Allerdings gab der Pressesprecher erste Informationen über den Inhalt des Gutachtens. Demnach sollte mit dem Gutachten festgestellt werden, ob die im Auftrag der Rechteinhaberin eingesetzte Überwachungssoftware korrekt Download-Aktionen auf im Internet betriebenen Medien-Hostern erfassen kann. Insbesondere sollten dabei die Identität der heruntergeladenen Datei, der Beginn des Downloads und die IP-Adresse des herunterladenden Computers überprüft werden. Dies wurde anhand von drei Testdateien auf drei verschiedenen Webseiten (drtuber, tnaflix und xvideos) durchgeführt, bei denen die Videos im Webbrowser angezeigt wurden.

Laut dem Gutachten soll der Gutachter die hinterlegten Testdateien mit verschiedenen Browsern abgerufen und die Uhrzeit protokolliert haben. Anschließend hat der Gutachter über die Software GLADII 1.1.3 eine Übersicht der überwachten Medien-Hoster aufgerufen. Die Software soll eine Reihe von Informationen, einschließlich der IP-Adressen der Besucher der jeweiligen Seite, angezeigt haben. Dabei wurden auch die testweise durchgeführten Abrufe der oben genannten Dateien angezeigt. Die protokollierten Zeiten und Aktionen sollen laut dem Gutachten genau mit den testweise durchgeführten Abrufen übereingestimmt haben. Nach der Zusammenfassung des Gutachtens durch das Landgericht Köln beruhten die während der Tests durchgeführten Aktionen "technisch auf üblichen Internet-Technologien, welche beim Einsatz in dem verwendeten Test-Szenario keine Bedenken hinsichtlich etwaiger Gesetzesverstöße erkennen ließen".
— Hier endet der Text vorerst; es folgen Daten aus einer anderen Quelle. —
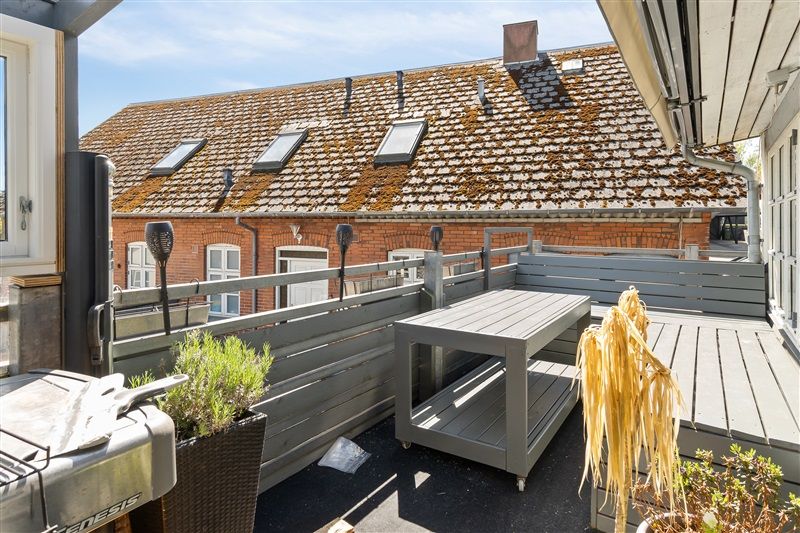 Terrasse med skur, grill, træbord, plante og skurtag. Bagved er et rødt hus med mursten og gule vinduer.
Gutachten könnte Klärung technischer Fragen bringen

Die genaue Vorgehensweise von GLADII 1.1.3 bei der Erlangung der IP-Adressen der Nutzer bleibt trotz der oben genannten Informationen unklar. Im Gegensatz zum Filesharing besteht beim Streaming in der Regel nur eine direkte Verbindung zwischen dem Nutzercomputer und dem Videoportalserver. Normalerweise können Dritte, wie Rechteinhaber oder ihre Anwälte, keine Daten über diese Verbindung abrufen. Eine Freigabe des Gutachtens durch das Landgericht Köln könnte möglicherweise Klarheit darüber bringen. Die Weigerung des Gerichts in diesem Punkt ist schwer nachvollziehbar, insbesondere angesichts des erheblichen öffentlichen Interesses und der Tatsache, dass solche Gutachten normalerweise keine personenbezogenen Daten Dritter enthalten, die einer Veröffentlichung entgegenstehen.

Es ist jedoch auch möglich, dass das Gutachten keine klaren Informationen zur IP-Ermittlung liefert. In diesem Fall hätten sich die zuständigen Kammern, die die Gestattungsanordnungen erlassen haben, mit dieser Frage auseinandersetzen müssen. In den bisher bekannten Beschlüssen scheint dies jedoch nicht der Fall zu sein. Es wird interessant sein zu erfahren, ob die Kammern, die im Gestattungsverfahren bei der antragstellenden Rechteinhaberin Rückfragen gestellt haben, diesbezüglich weitere Untersuchungen angestellt haben. Eines ist jedoch klar: In Massenverfahren mit komplexen technischen Fragestellungen kann der Richtervorbehalt seinen Zweck verfehlen, wenn die Justiz – möglicherweise aufgrund von Personalmangel – nicht angemessen auf die Bewältigung der Verfahren vorbereitet ist.